The only difference is that the checks here will be run on whatever is specified in the
`ha_storage` section of the vault configuration, as opposed to the `storage` section.
#### Determine Redirect Address
Ensures that one of the `VAULT_API_ADDR`, `VAULT_REDIRECT_ADDR`, or `VAULT_ADVERTISE_ADDR`
environment variables are set, or that the redirect address is specified in the vault
configuration.
#### Check Cluster Address
Parses the cluster address from the `VAULT_CLUSTER_ADDR` environment variable, or from the
redirect address or cluster address specified in the vault configuration, and checks that
the address is of the form `host:port`.
#### Check Core Creation
`Check Core Creation` verifies the logical configuration checks that vault does when it
creates a core object. These are runtime checks, meaning any errors thrown by this diagnose
test will also be thrown by the vault server itself when it is run.
#### Check For Autoloaded License
`Check For Autoloaded License` is an enterprise diagnose check, which verifies that vault
has access to a valid autoloaded license that will not expire in the next 30 days.
#### Start Listeners / Check Listener TLS
`Check Listener TLS` verifies the server certificate file and key are valid and matching.
It also checks the client CA file, if one is provided, for a valid certificate, and performs
the standard runtime listener checks on the listener configuration stanza, such as verifying
that the minimum and maximum TLS versions are within the bounds of what vault supports.

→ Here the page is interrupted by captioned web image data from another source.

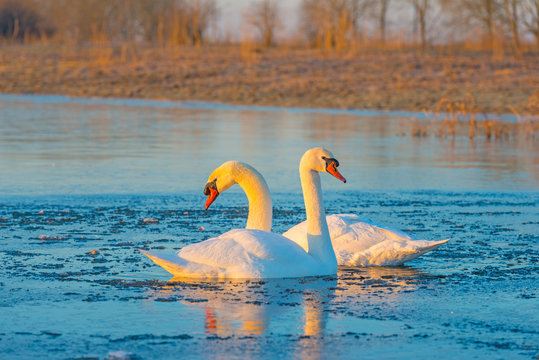 Swans swimming in a lake in a frozen lake at sunrise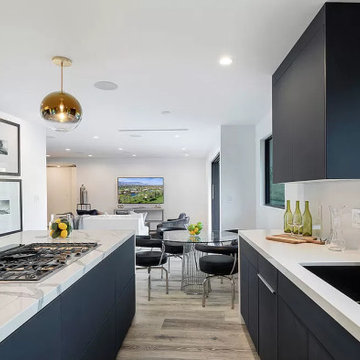 Hollywood Hills Major Remodel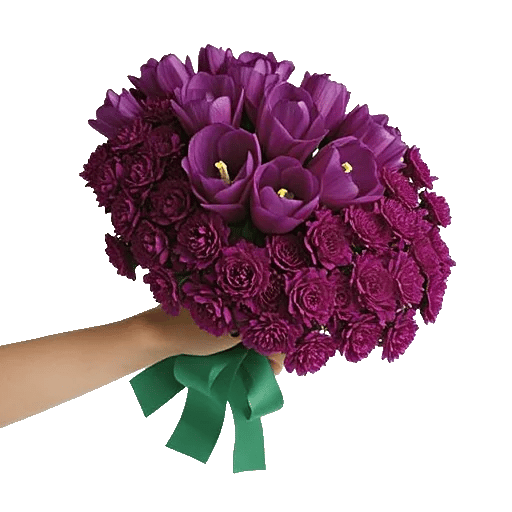 Silken Petal Array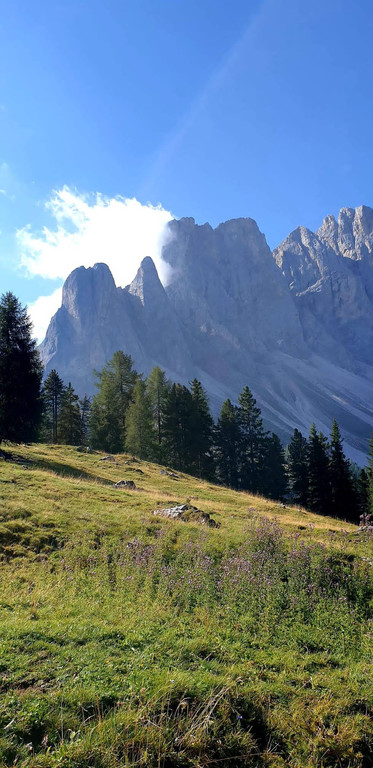 2_16_Villno__ss.jpg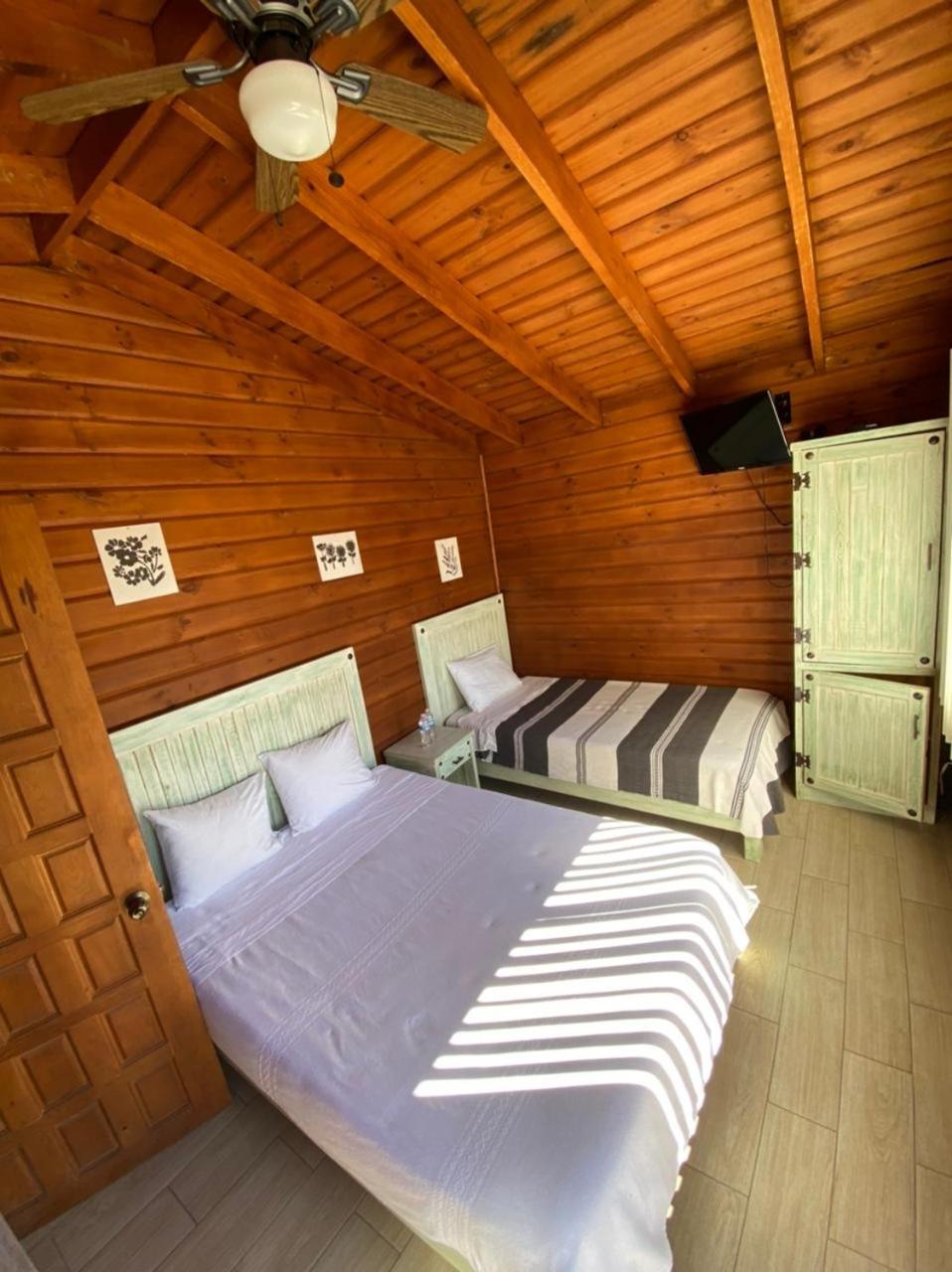 Standard Twin Room - Photo 1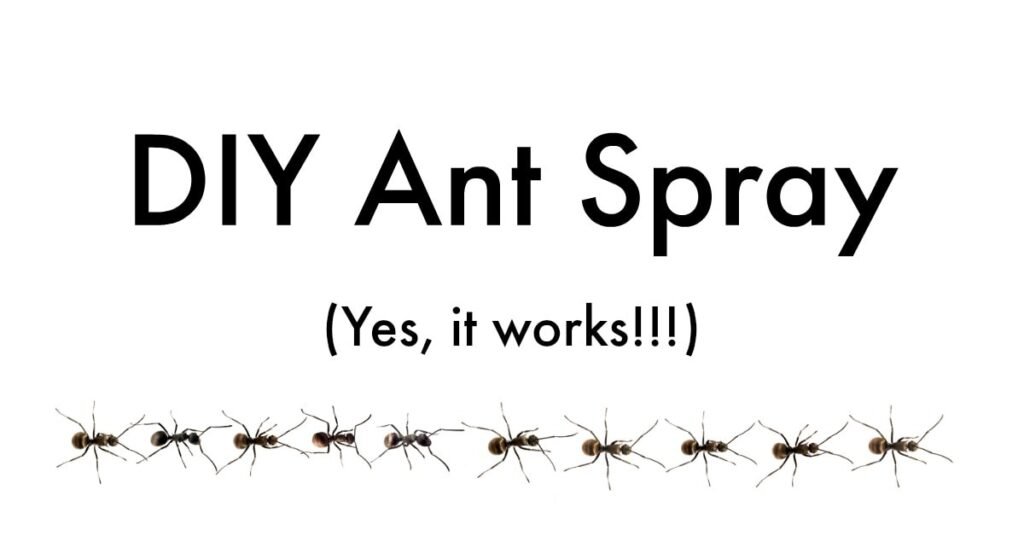 Ant Extermination Safe For Pets: Pet-Friendly Approaches To Ant Control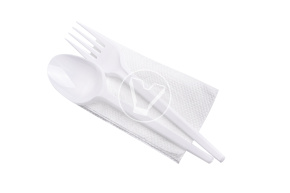 Set "Economy" 3/1, white (fork, spoon, white napkin)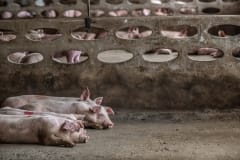 Pigs at an industrial farm. Thailand, 2019.
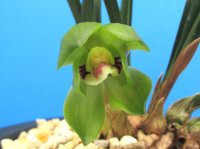 中国春蘭【緑雲】（花芽3ヶ付き株）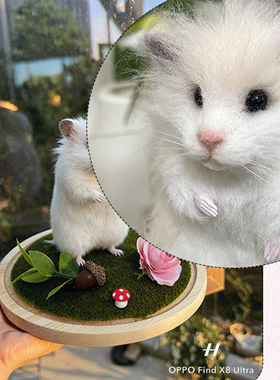 欧泡羊毛毡宠物定制仿真模型照片猫咪玩偶纯手工柯基狗狗离世纪念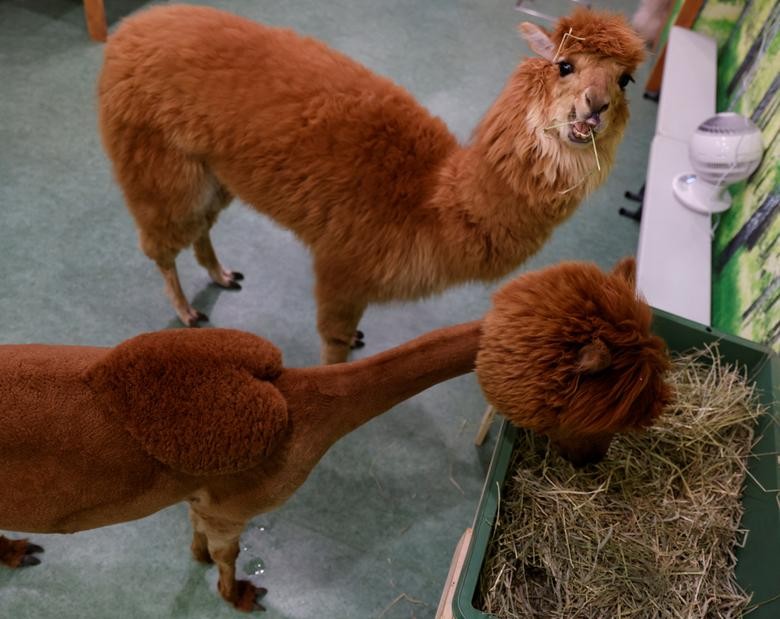 Bên trong vườn thú lạc đà alpaca ở Tokyo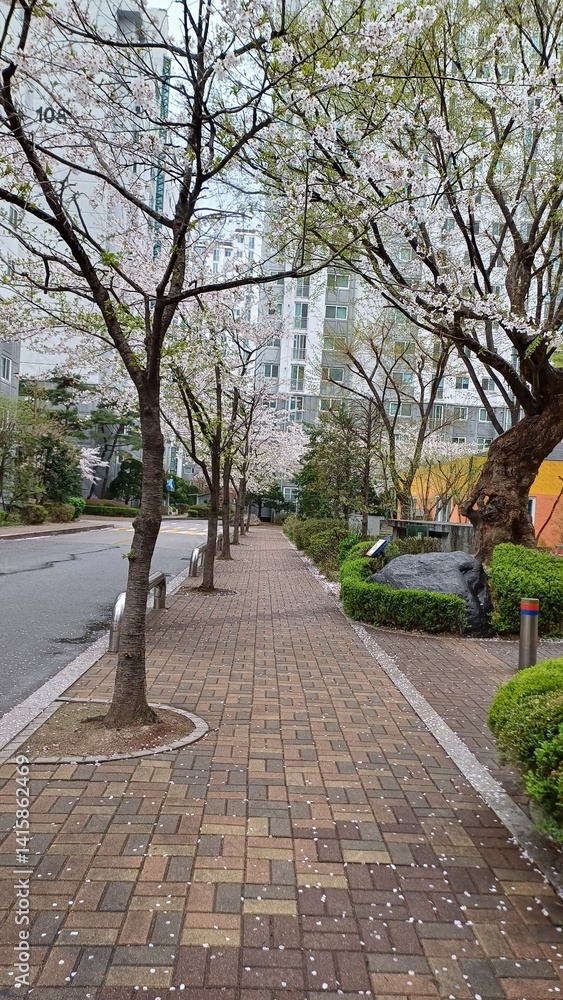Trees and cherry blossoms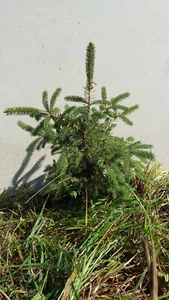 Fast Growing NORWAY SPRUCE TREE 16"-24" Fresh dug 5 year Transplant Wind Privacy - Picture 1 of 3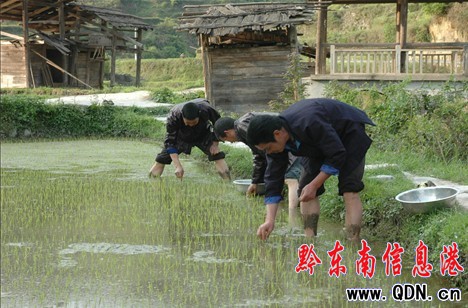 ��ƽ�h�ƌW������4�f�஀���D��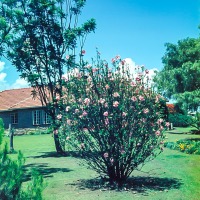 House and gardens at Naivasha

Like all the other Diagnose TLS checks, it will warn if any of the certificates provided are
set to expire within the next month.
#### Start Listeners / Create Listeners
`Create Listeners` uses the listener configuration to initialize the listeners, erroring with
a server error if anything goes wrong.
#### Check Autounseal Encryption
`Check Autounseal Encryption` will initialize the barrier using the seal stanza, if the seal
type is not a shamir seal, and use it to encrypt and decrypt a dud value.
#### Check Server Before Runtime
`Check Server Before Runtime` achieves parity with the server run command, running through
the runtime code checks before the server is initialized to ensure that nothing fails.
This check will never fail without another diagnose check failing.